Angela Merkel Continues Her Reisistance to “Crass Keynesianism”

by Mario Rizzo

Macro-policy economists are in a bad way. They cannot stand dissent. The New York Times reports that Angela Merkel’s government refuses to start spending as if it were going out of style. She sees the current crisis as the result of distortions caused by excessive and misdirected credit. Paul Krugman has also expressed frustration with the German lack of enthusiasm for a big stimulus. To give the reader the feel for this apoplexy:

Right now everyone sees the need for a large, pan-European fiscal stimulus.

Everyone, that is, except the Germans. Mrs. Merkel has become Frau Nein: if there is to be a rescue of the European economy, she wants no part of it, telling a party meeting that “we’re not going to participate in this senseless race for billions.”

Last week Peer Steinbrück, Mrs. Merkel’s finance minister, went even further. Not content with refusing to develop a serious stimulus plan for his own country, he denounced the plans of other European nations. He accused Britain, in particular, of engaging in “crass Keynesianism.”

Read the rest of it. Not only must the planners circumvent, when convenient, the legislative process in the US but they demand that the whole world follow in lock-step. One World, One Macro Theory, One Policy.

See my previous posts: Planning and Democracy, Interesting Idea from Angela  Merkel in Swabia.

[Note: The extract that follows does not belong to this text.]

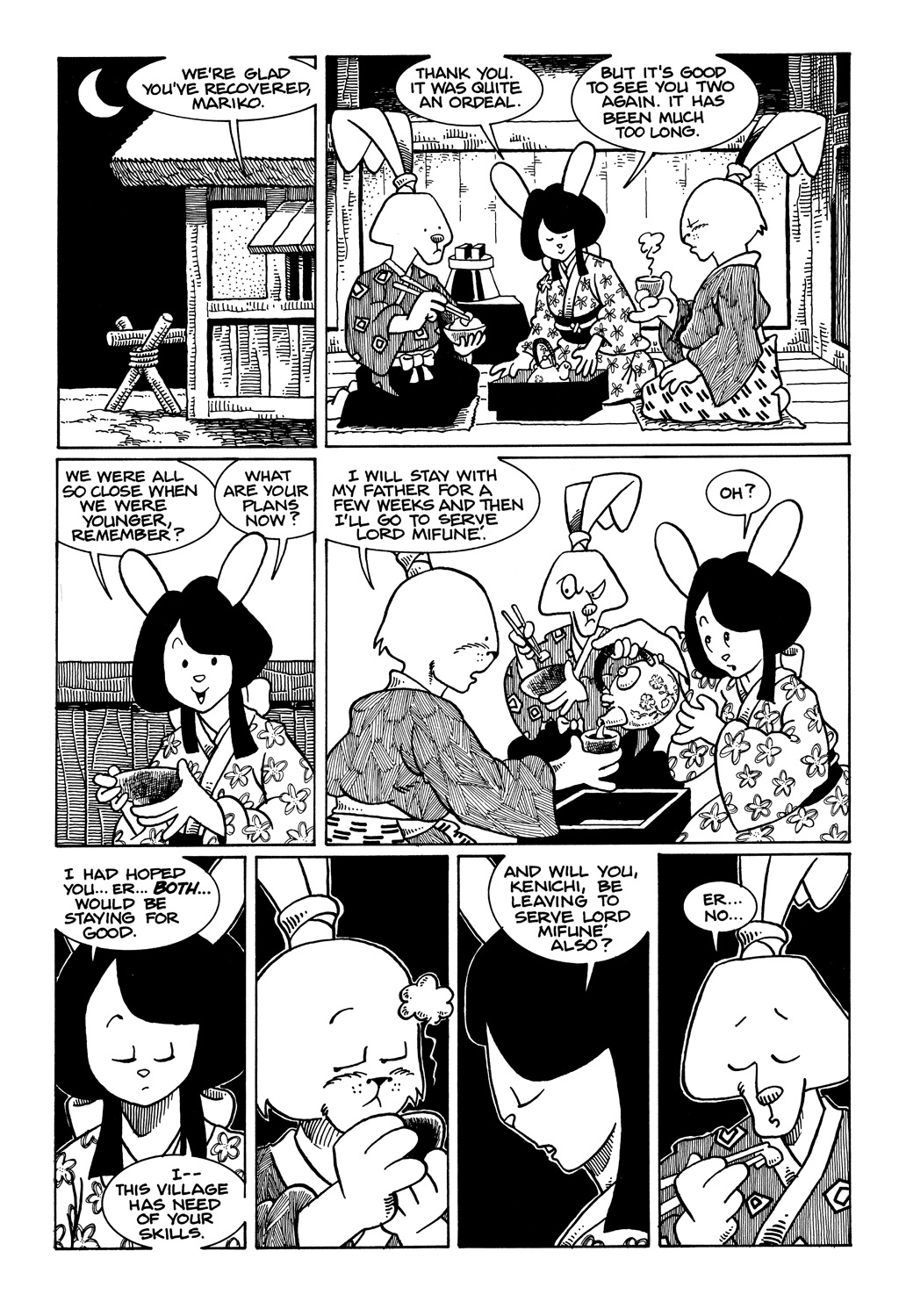 Read online Usagi Yojimbo (1987) comic -  Issue #3 - 21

4 thoughts on “Angela Merkel Continues Her Reisistance to “Crass Keynesianism”

  1. Mario,
    Germany continues to hold much more sensible views than the rest of Europe. On the other hand, they also have the best labor market.

    What’s interesting to me is how much better the ECB is than the Fed. Jurgen Stark, chief economist at the ECB, has referred favorably to papers in his speeches that are empirical studies of booms & busts which lay the blame at expansions of money and credit. The head of the Bundesbank, Axel Weber, also is pretty reasonable. If you ever check out their Monthly Bulletins, they actually care what happens to monetary aggregates at the ECB.

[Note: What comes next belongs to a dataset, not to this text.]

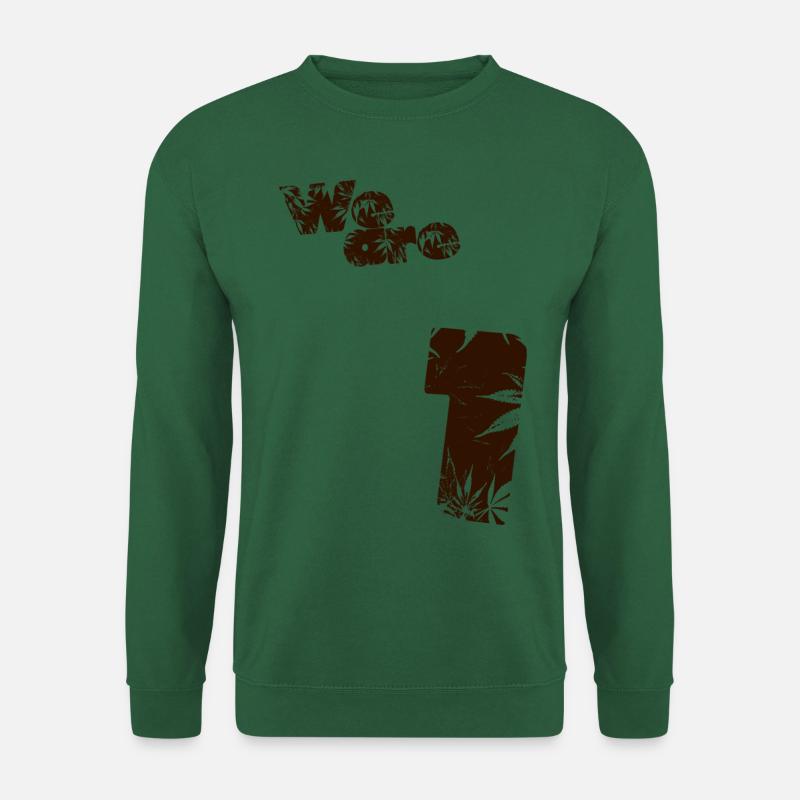 WEare1 - Unisex Pullover - Grün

    Not saying they’re perfect over there, but they have much more reasonable monetary policy (in addition to their fiscal policy) than in the U.S.

  2. Indeed, J. Stark must be one of the main man behind the rather reluctant responses of the ECB. In accordance with a paper I co-wrote, he has officially stated that “rolling bubbles” fuelled by too much liquidity, seem to roll from one market to another (as long as liquidity conditions are undue).
    When I met J. Stark, he was friendly and sharp minded person. His views on the importance of monetary stability seem to be close to ours.

  3. I want to thank Andreas for this very interesting contribution to an important discussion. Andreas will be a visiting fellow at NYU in the Fall, 2009.